Prof Peter Higgs awarded Royal Commission Medal

For outstanding influence on science

London, 29th March 2017 – Professor Peter Ware Higgs CH FRS FRSE, the British physicist who predicted the discovery of the Higgs boson particle, has been awarded the 1851 Royal Commission Medal for his outstanding influence on science.

The Medal was presented to Professor Higgs by Her Royal Highness The Princess Royal, President of the Commission, at its biennial Presidential Dinner at Armourers’ Hall on the 28th March. It is only the third time the Medal has been awarded since its introduction in 2006. The first was awarded to His Royal Highness The Duke of Edinburgh on the fortieth anniversary of his Presidency.  The second was presented to Sir Alan Rudge on his retirement as Chairman after eighteen years of service to the Commission. The Commissioners were unanimous in their decision to award the third to Professor Higgs.

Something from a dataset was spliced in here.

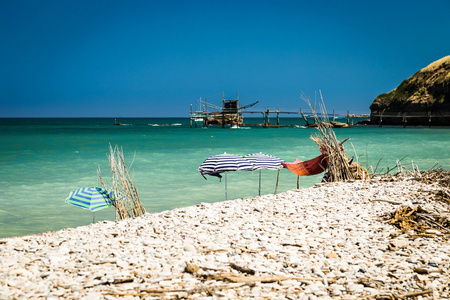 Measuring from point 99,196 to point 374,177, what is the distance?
17.2 feet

The presentation of the Commission’s Medal comes almost 65 years after Professor Higgs was awarded a Research Fellowship from the Commission, in 1953. The Commission’s Research Fellowships are intended to give scientists or engineers of exceptional promise the opportunity for early independence with the objective of contributing to the knowledge base of UK institutions.

Professor Higgs had originally chosen to conduct research in the theory of molecular vibrations at King College London for his Research Fellowship but, at the end of his first year, he asked to change the subject to the quantum theory of fields, and move to the University of Edinburgh; fortunately the Commissioners agreed.

“Peter’s work has had a huge impact on our understanding of the universe ... and ... has unlocked entire new fields of study"

Professor Higgs went on to further his studies at Edinburgh and in the 1960s, he developed the theory of the Higgs Field and Higgs Mechanism. He was elected a Fellow of the Royal Society in 1983 and a Fellow of the Institute of Physics in 1991. He retired in 1996, becoming Professor Emeritus at the University of Edinburgh. In 2013, he received the Nobel Prize in Physics, jointly with François Englert, for “the theoretical discovery of a mechanism that contributes to our understanding of the origin of mass of subatomic particles”; a discovery that was confirmed by the ATLAS and CMS experiments at CERN’s Large Hadron Collider.

Bernard Taylor, Chairman of the Royal Commission for the Exhibition of 1851, said: “Peter’s work has had a huge impact on our understanding of the universe around us and his work has unlocked entire new fields of study that will continue to shed light on fundamental physics for years to come. Now, almost 65 years after he first embarked on his career through an 1851 Royal Commission Research Fellowship, it is a great pleasure for us to present our highest honour, the Commission’s Medal, to Professor Higgs, as an individual who embodies the spirit of scientific advancement that Prince Albert sought when founding the Commission.”